▸ **WORK TO COMPLETE**
Give back the entries exactly as they read, leaving each image out.
+--
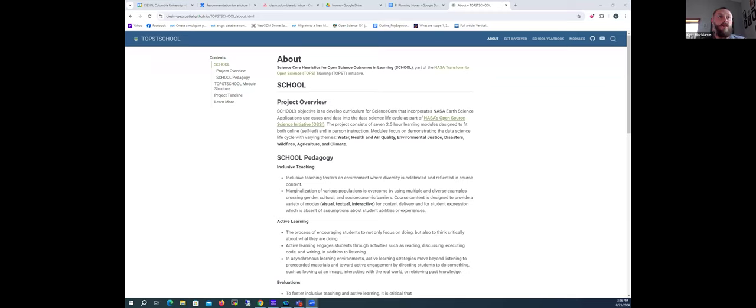I want to take a few minutes before the interactive part of the meeting to say something about the project as a whole. I understand you all have taken OS 101 with Dr. Tovar. The SCHOOL project is part of a follow-on effort to OS 101 called Science Core. Whereas OS 101 was a general curriculum about open science, Science Core is specific to a variety of different domains. There are 10 different funded projects — some on solar data, others on topics like tribal data.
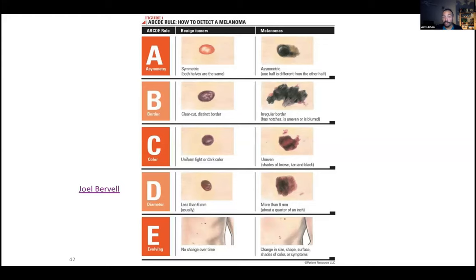That's the end of chapter five on the integumentary system. We learned about the epidermis, dermis, hypodermis, hair, nails, glands, and some skin conditions. Please let me know if you have questions — leave them in the comments or discussion and I'll get back to you. Thanks everyone, have a good day.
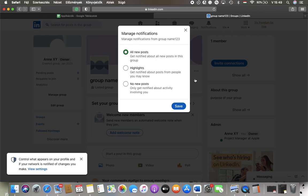So here you can select all new posts, meaning that you will get notifications about all of the new posts in this group, or only highlights, so about posts from people you may know.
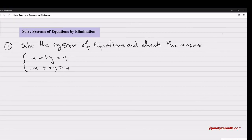In this video, we are going to solve systems of equations by the method of elimination. A system of equations usually has several variables: 2, 3, 4, and so on. The method of elimination eliminates certain variables so that we end up with one equation in one variable, and then we solve it.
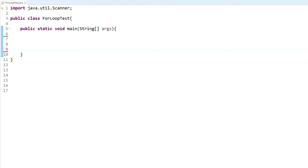What's up everybody? It's Andrew and welcome to the 13th Java tutorial. We're going to be talking about the nested for loop, and let's get right into it.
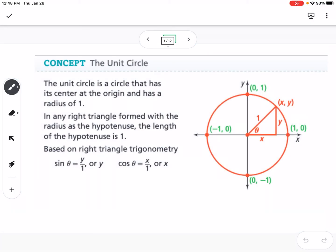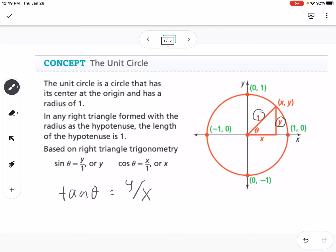The big concept in this lesson is the unit circle. The unit circle is a circle with its center at the origin and a radius of 1. You can form right triangles within it. Since the radius is 1, sine of theta equals y over 1, which is just y. Cosine of theta equals x over 1, which is just x. So on the unit circle, sine is y, cosine is x, and tangent is y over x.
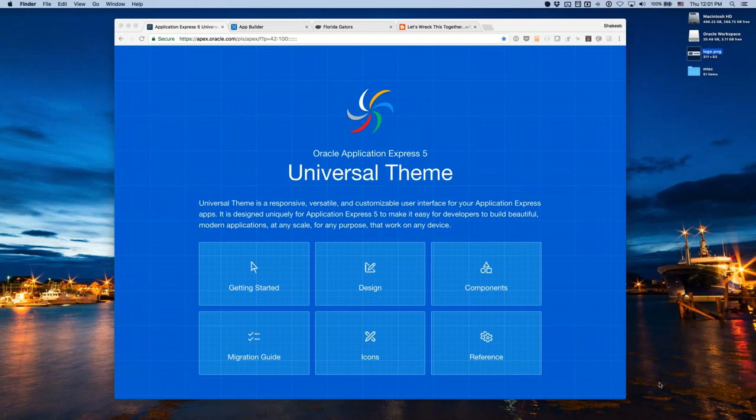Thank you OD Tug and IOG for co-sponsoring this event, and thank you to Shakib for taking some time out of your very busy schedule to show us around Universal Theme. The idea for this talk came from Shakib and I being in Munich at a user group meetup that Jurgen Schuster had invited us to, where he showed off a demo app for Universal Theme.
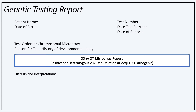On the screen is an example report we will walk through. This example report has a genetic change or copy number variant. First, we will briefly touch on what a microarray test can detect and what a copy number variant is before going over this example report.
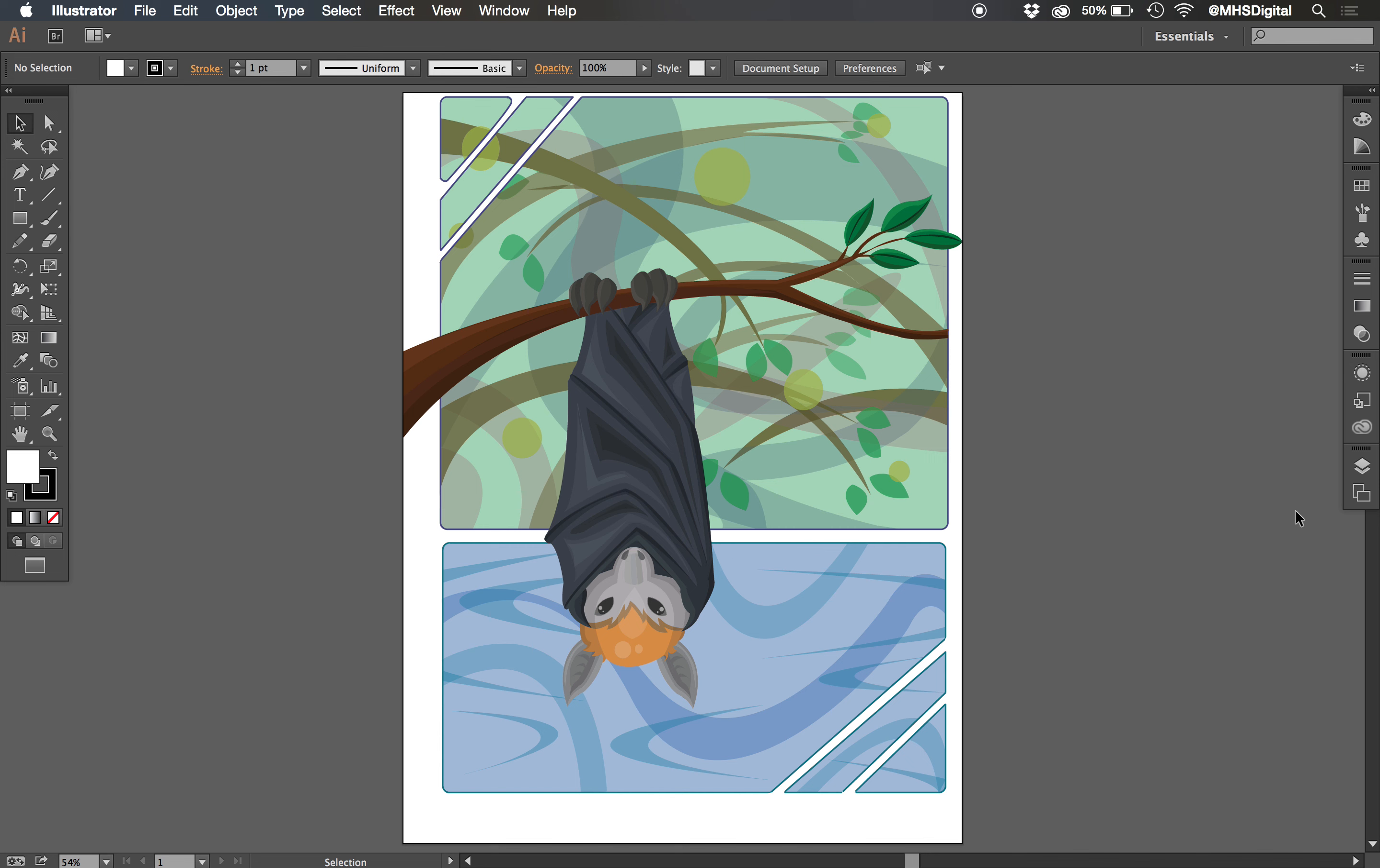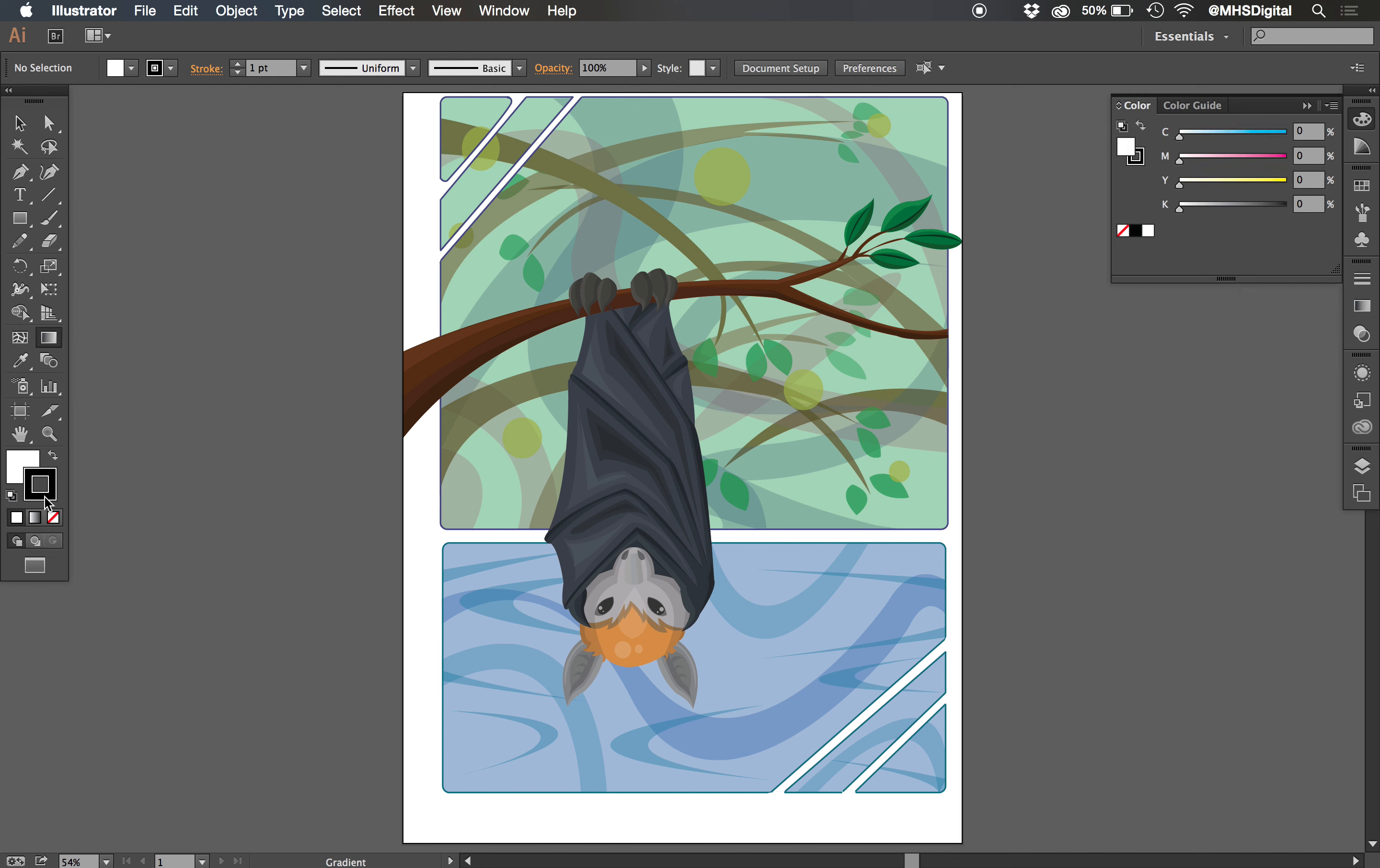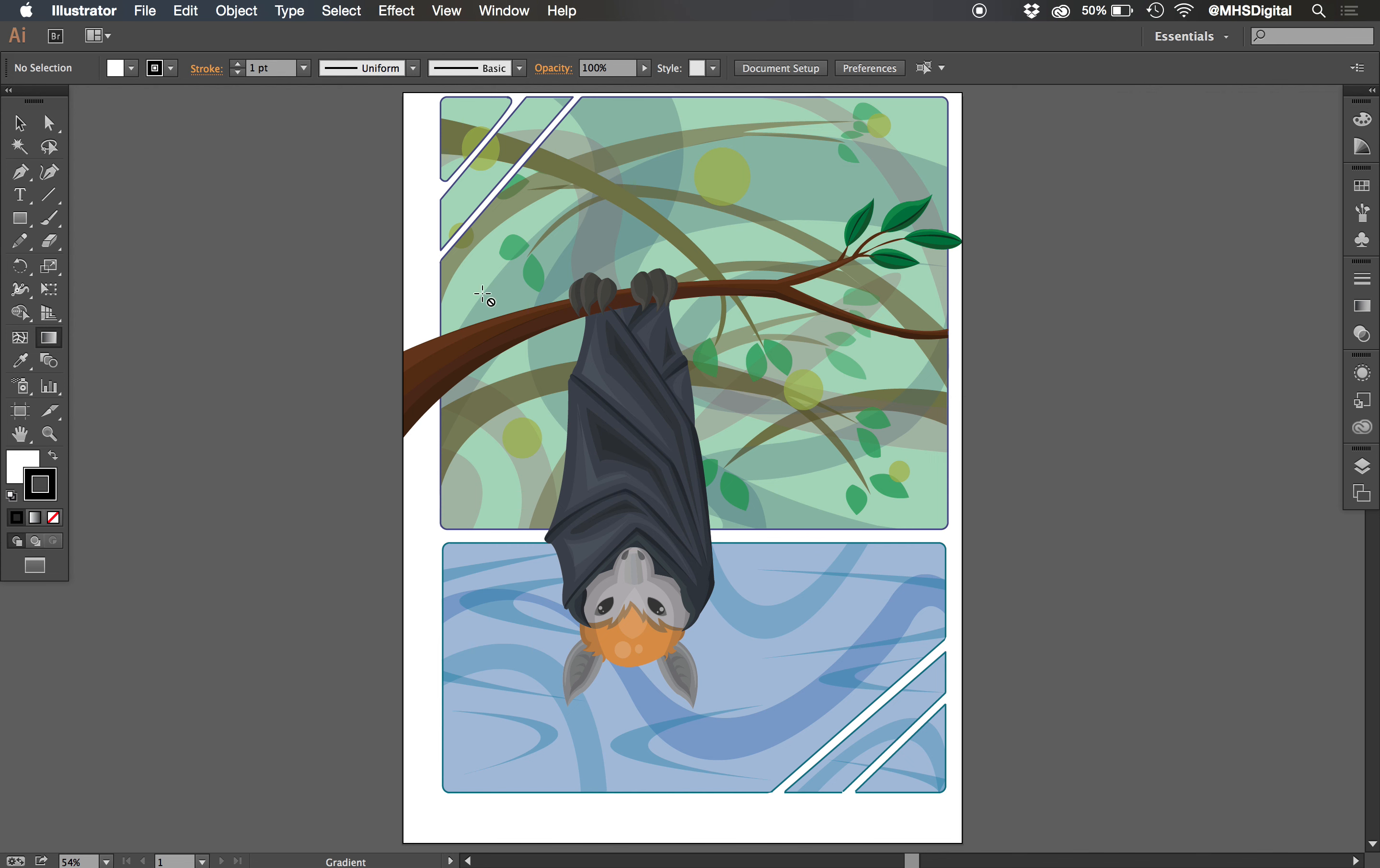This can get confusing because we might tell you to go to the gradient panel or we might tell you to go to the gradient tool. And those are different things here in Illustrator. Also down here at the bottom we have a gradient fill or we can make a stroke a gradient as well. So this gradient icon shows up in several parts of our workspace, and you have to be aware of what is a tool over here and what is a panel over here.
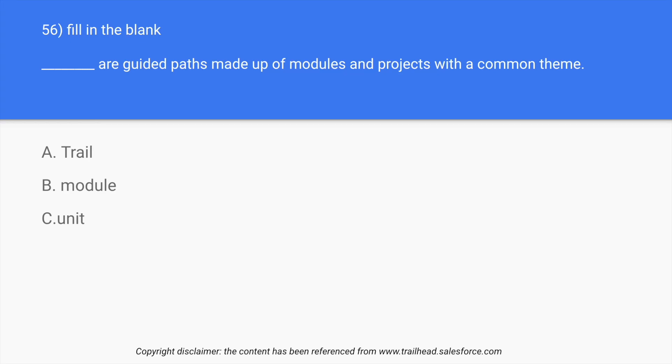Hello guys and welcome to part 6 of the series where we discuss Salesforce Associate practice exam questions. So let's move on and let's talk about question number 56. The question says fill in the blanks: dash are guided paths made up of modules and projects with a common theme.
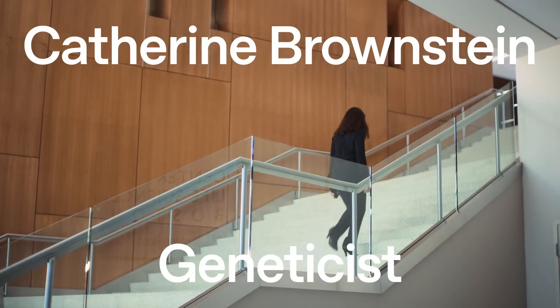My name is Katherine Brownstein. I'm a geneticist here at Boston Children's Hospital. I'm also scientific director of the Mann Center for Orphan Disease Research.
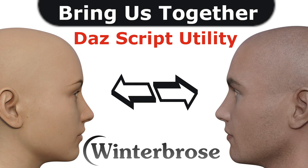Hello everybody, this is Rollo Twin Bros and we want to show our latest scripting utility for DAZ Studio. We call it Bring Us Together.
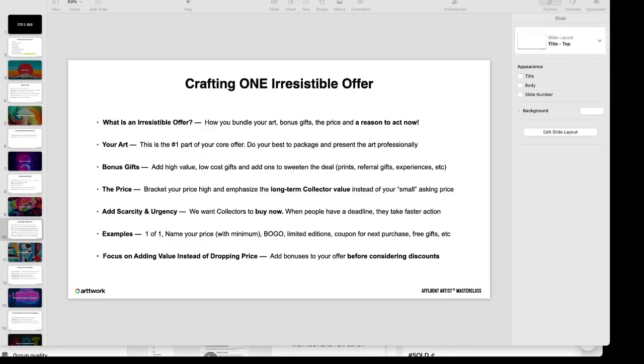Again, this video is talking about crafting one irresistible offer to make a collector want to buy it from you at whatever price you desire. If you're just trying to sell your art one-off and you're not creating a package that incentivizes a collector to buy now and also buy at whatever high price you set, it's going to be challenging for you to do so. But if you create an offer and you have something for a collector to buy and get excited about, not only will this help your sales increase, you can also begin pre-selling your art.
+--
▸ **RESPONSE AREA**
I want to take a few minutes before the interactive part of the meeting to say something about the project as a whole. I understand you all have taken OS 101 with Dr. Tovar. The SCHOOL project is part of a follow-on effort to OS 101 called Science Core. Whereas OS 101 was a general curriculum about open science, Science Core is specific to a variety of different domains. There are 10 different funded projects — some on solar data, others on topics like tribal data.
That's the end of chapter five on the integumentary system. We learned about the epidermis, dermis, hypodermis, hair, nails, glands, and some skin conditions. Please let me know if you have questions — leave them in the comments or discussion and I'll get back to you. Thanks everyone, have a good day.
So here you can select all new posts, meaning that you will get notifications about all of the new posts in this group, or only highlights, so about posts from people you may know.
In this video, we are going to solve systems of equations by the method of elimination. A system of equations usually has several variables: 2, 3, 4, and so on. The method of elimination eliminates certain variables so that we end up with one equation in one variable, and then we solve it.
What's up everybody? It's Andrew and welcome to the 13th Java tutorial. We're going to be talking about the nested for loop, and let's get right into it.
The big concept in this lesson is the unit circle. The unit circle is a circle with its center at the origin and a radius of 1. You can form right triangles within it. Since the radius is 1, sine of theta equals y over 1, which is just y. Cosine of theta equals x over 1, which is just x. So on the unit circle, sine is y, cosine is x, and tangent is y over x.
Thank you OD Tug and IOG for co-sponsoring this event, and thank you to Shakib for taking some time out of your very busy schedule to show us around Universal Theme. The idea for this talk came from Shakib and I being in Munich at a user group meetup that Jurgen Schuster had invited us to, where he showed off a demo app for Universal Theme.
On the screen is an example report we will walk through. This example report has a genetic change or copy number variant. First, we will briefly touch on what a microarray test can detect and what a copy number variant is before going over this example report.
This can get confusing because we might tell you to go to the gradient panel or we might tell you to go to the gradient tool. And those are different things here in Illustrator. Also down here at the bottom we have a gradient fill or we can make a stroke a gradient as well. So this gradient icon shows up in several parts of our workspace, and you have to be aware of what is a tool over here and what is a panel over here.
Hello guys and welcome to part 6 of the series where we discuss Salesforce Associate practice exam questions. So let's move on and let's talk about question number 56. The question says fill in the blanks: dash are guided paths made up of modules and projects with a common theme.
My name is Katherine Brownstein. I'm a geneticist here at Boston Children's Hospital. I'm also scientific director of the Mann Center for Orphan Disease Research.
Hello everybody, this is Rollo Twin Bros and we want to show our latest scripting utility for DAZ Studio. We call it Bring Us Together.
Again, this video is talking about crafting one irresistible offer to make a collector want to buy it from you at whatever price you desire. If you're just trying to sell your art one-off and you're not creating a package that incentivizes a collector to buy now and also buy at whatever high price you set, it's going to be challenging for you to do so. But if you create an offer and you have something for a collector to buy and get excited about, not only will this help your sales increase, you can also begin pre-selling your art.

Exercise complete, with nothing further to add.